----- MATERIAL SHOWN
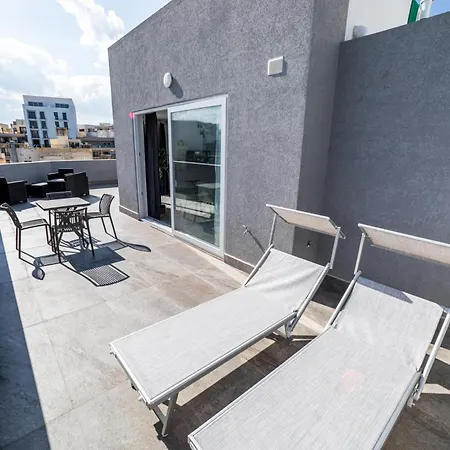 Exclusive Corner Penthouse With Terrace - By Hostmt Appartement St. Paul's Bay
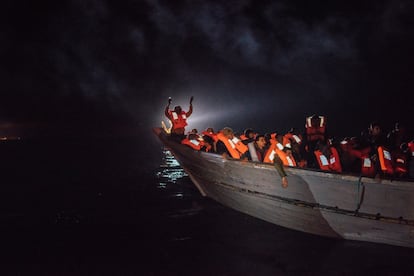 A pesar del clima invernal y el mar embravecido del diciembre de 2016, los migrantes y refugiados seguían intentando el peligroso cruce por mar desde Libia a Europa continental. Ese año, MSF renunció a toda financiación de la Unión Europea y de sus Estados miembros en protesta por la “dañina política migratoria, basada en la disuasión y en alejar lo máximo posible de sus costas a quienes huyen de la guerra y el sufrimiento”.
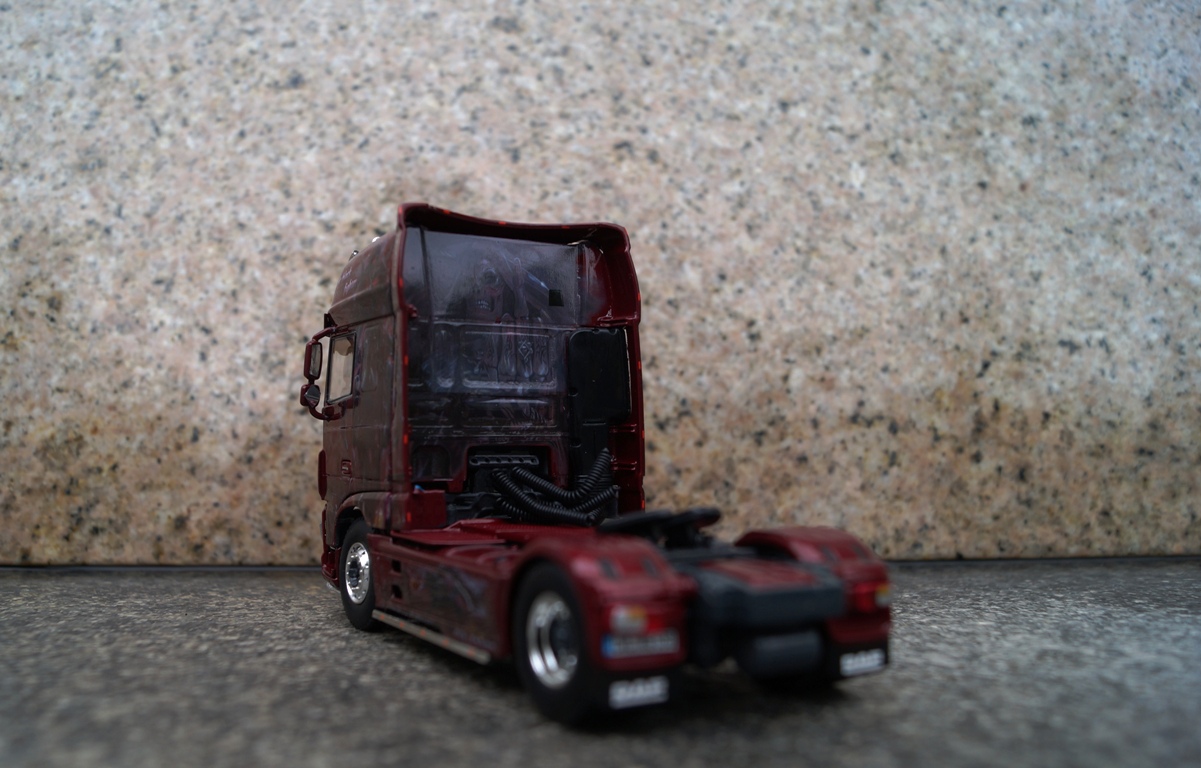 01-2753 -WSI -DAF XF SUPER SPACE CAB 2 achs Zugmaschine  "Roland Graf"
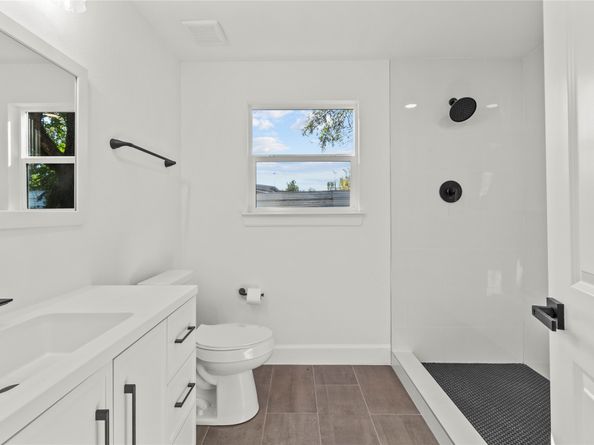 3030 Roe Drive, Houston TX 77087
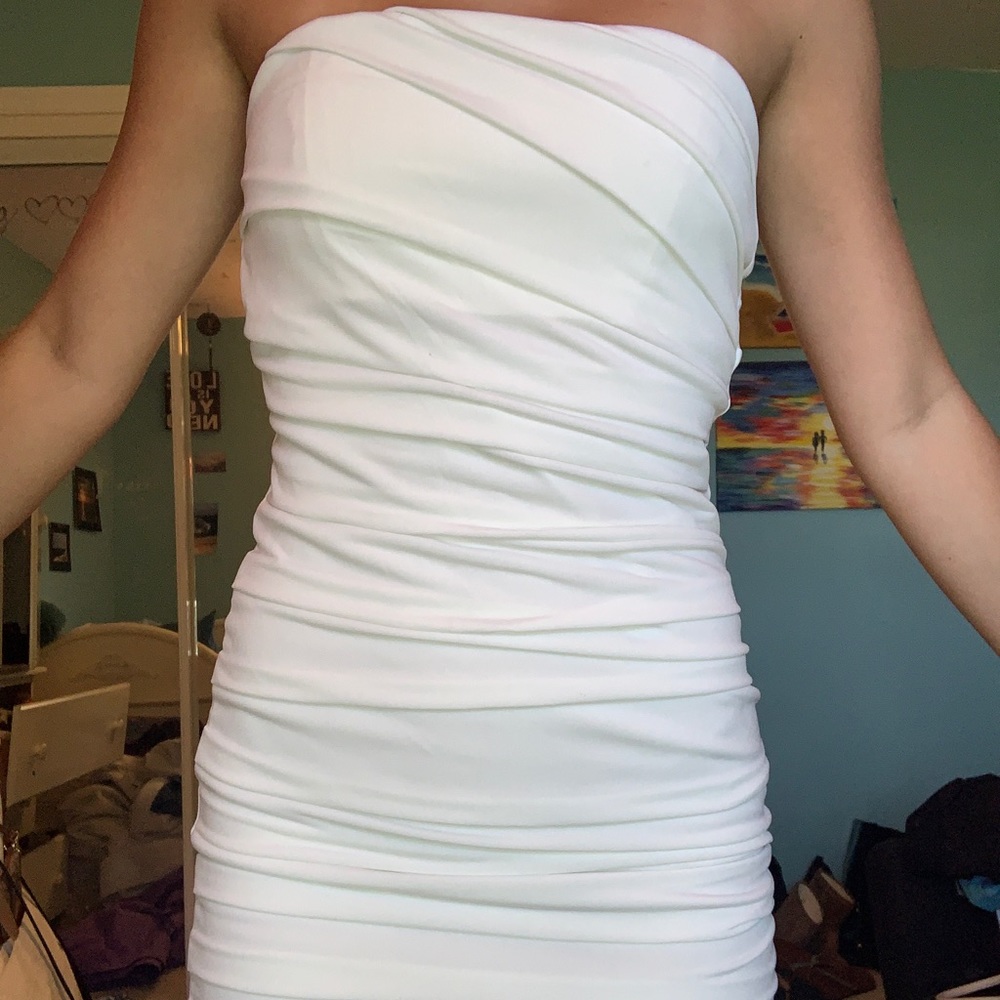 Charlotte Russe strapless white ruffle dress, XS - Picture 4 of 6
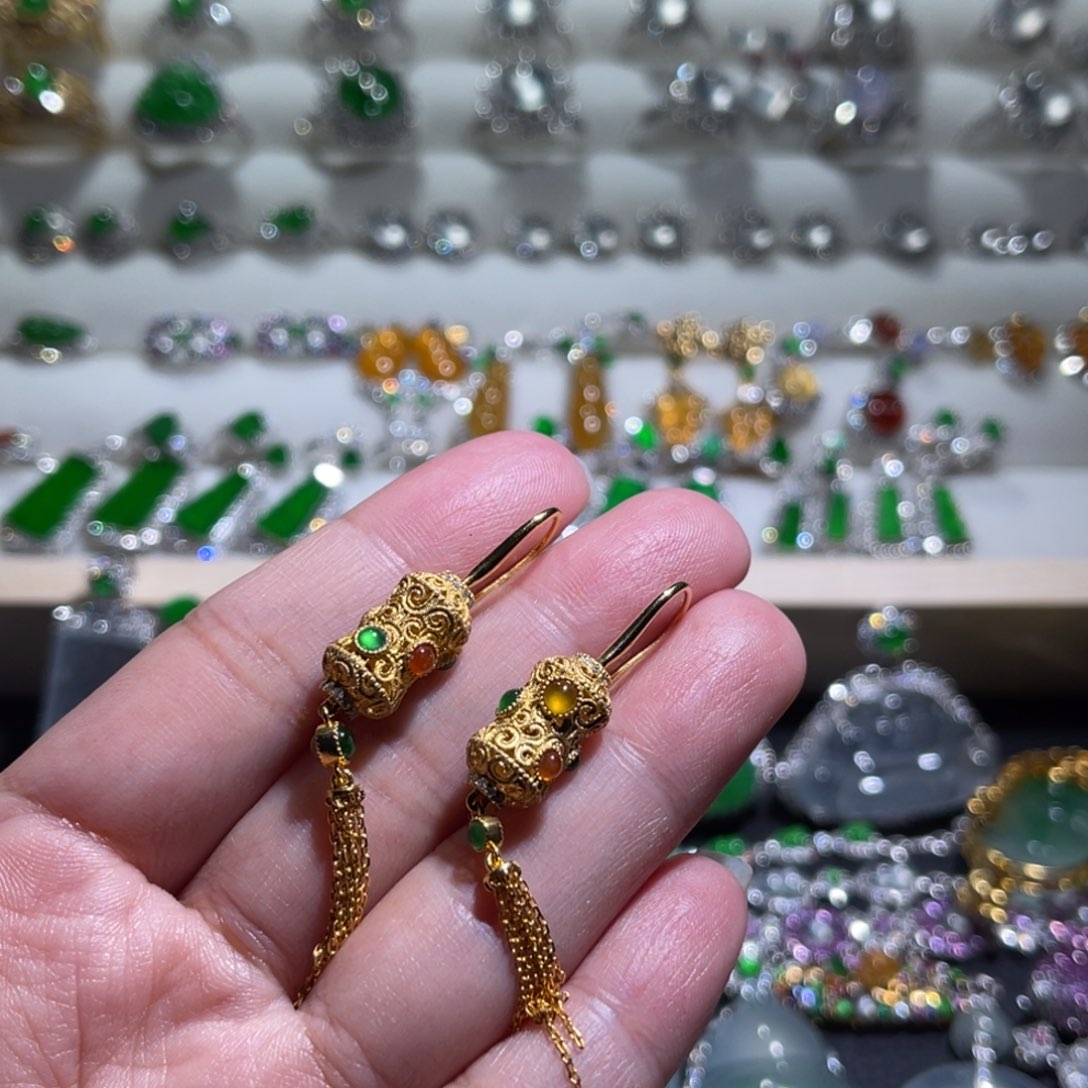 翡翠耳饰18K金镶嵌灯笼耳坠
----------
■ **EXERCISE DIRECTIONS**
If pictures appear, drop them, and retype exactly the lines from the "Charlotte Russe strapless" line through the last line of the data above.

■ **ANSWER**
 Charlotte Russe strapless white ruffle dress, XS - Picture 4 of 6
 翡翠耳饰18K金镶嵌灯笼耳坠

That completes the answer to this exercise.